Saturday, May 3, 2008

Simultaneous Gesture Segmentation and Recognition based on Forward Spotting Accumulative HMMs

Simultaneous Gesture Segmentation and Recognition based on Forward Spotting Accumulative HMMs

Song and Kim modify the usual HMM model dividing the observation sequence into block through use of a sliding window. Each block of a gesture is used to train the corresponding HMM. Each HMM is used to recognize partial segments of the gesture over the block (train on [O1], then [o1,o2], etc), and a gesture is recognized through majority voting over the block. They determined that the optimal window size was 3. After the gesture is selected from the set of gesture HMMs it is compared either to a manually set threshold or the output of an HMM train on non-gestures.
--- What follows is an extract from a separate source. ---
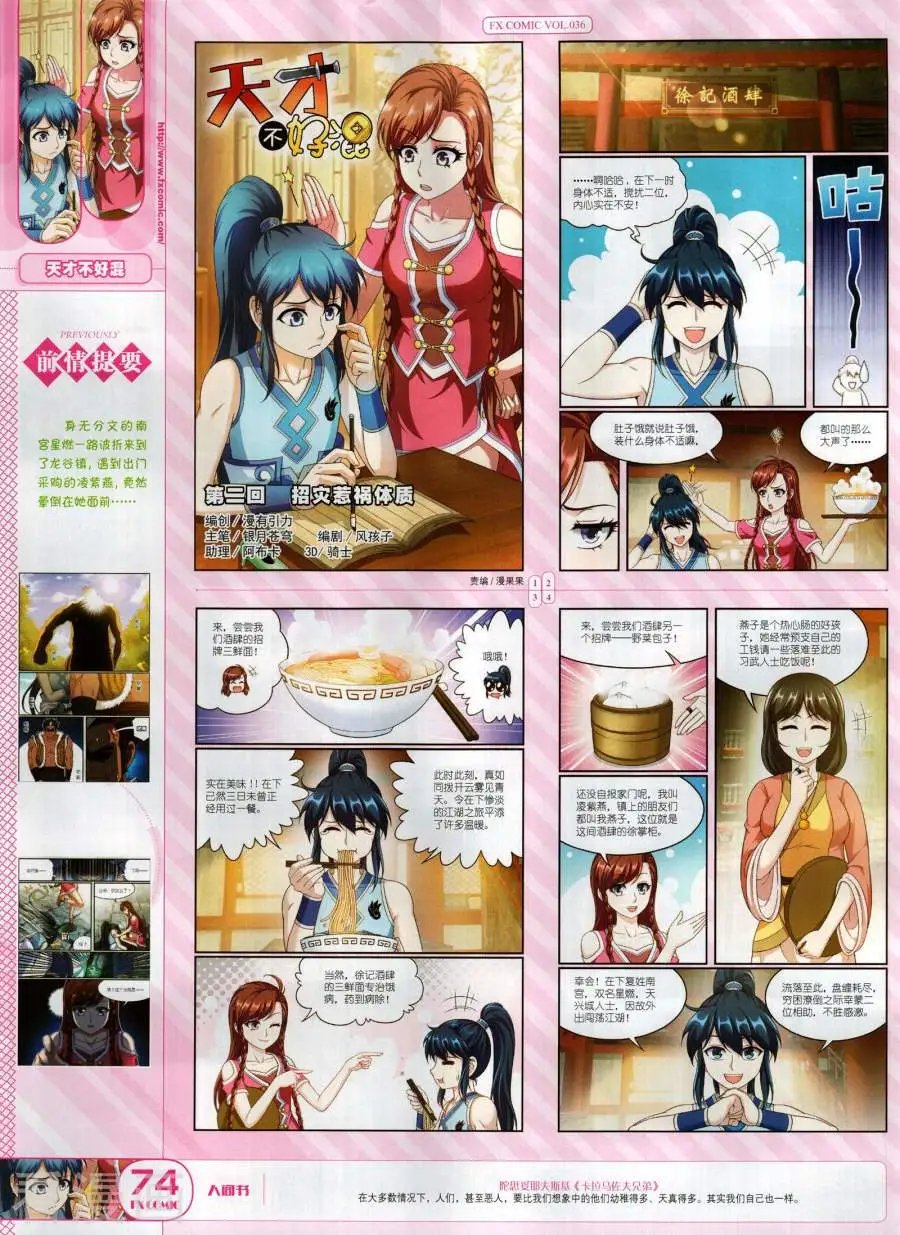 第36期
If the gesture HMM probablity exceeds the threshold or non-gesture HMM it is determined to be a gesture. Testing demonstrates that use of the non-gesture HMM spot gestures more accurately than manual thresholding.

Discussion
The gestures used in the experiment are very simple, mostly lift one arm or the other. Template matching could probably achieve similar results while being much less complex to implement.

Reference
Jinyoung Song, Daijin Kim, "Simultaneous Gesture Segmentation and Recognition based on Forward Spotting Accumulative HMMs," icpr , pp. 1231-1235, 2006.